Padrões que influenciam o mercado pet
As normas que definem as raças não impactam apenas criadores e expositores. Elas também moldam a percepção popular sobre o que é um “cão bonito” ou “bem proporcionado”. Expressões como “porte nobre” e “focinho achatado e fofo” surgem a partir desses critérios. Assim como na moda, em que as tendências dos desfiles influenciam as vitrines, os padrões das raças também guiam comportamentos e consumos no mundo pet.
A bióloga Donna Haraway aponta que a criação de raças reflete os gostos e valores dos humanos. Segundo ela, a criação seletiva de cães segue uma lógica semelhante à da moda, passando por ciclos de popularidade e transformação.
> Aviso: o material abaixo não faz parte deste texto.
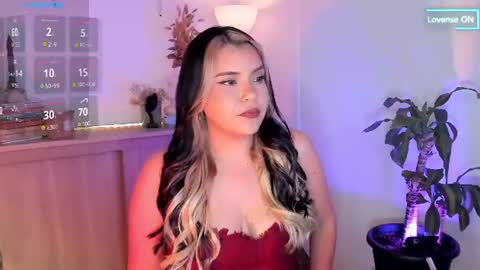 Valerie online show from 07-04-26, 01:23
Tradição e adaptação da raça
O buldogue campeiro é um exemplo perfeito do equilíbrio entre tradição e adaptação. Embora tenha sido criado para o pastoreio, também se tornou um cão de companhia em grandes cidades. “Mesmo longe do campo, ele aprende rápido o que fazer, porque tem o instinto de trabalhar em grupo”, comenta Torre-Simões.
O reconhecimento internacional é muito mais que um selo técnico. Ele representa o resgate de uma histórias que entrelaçam cultura rural, herança europeia e a capacidade única dos brasileiros de transformar desafios em identidade. O buldogue campeiro, portanto, segue firme em seu caminho para se consolidar como uma raça oficial mundial, levando consigo um pedacinho do nosso campo e do espírito trabalhador que o formou.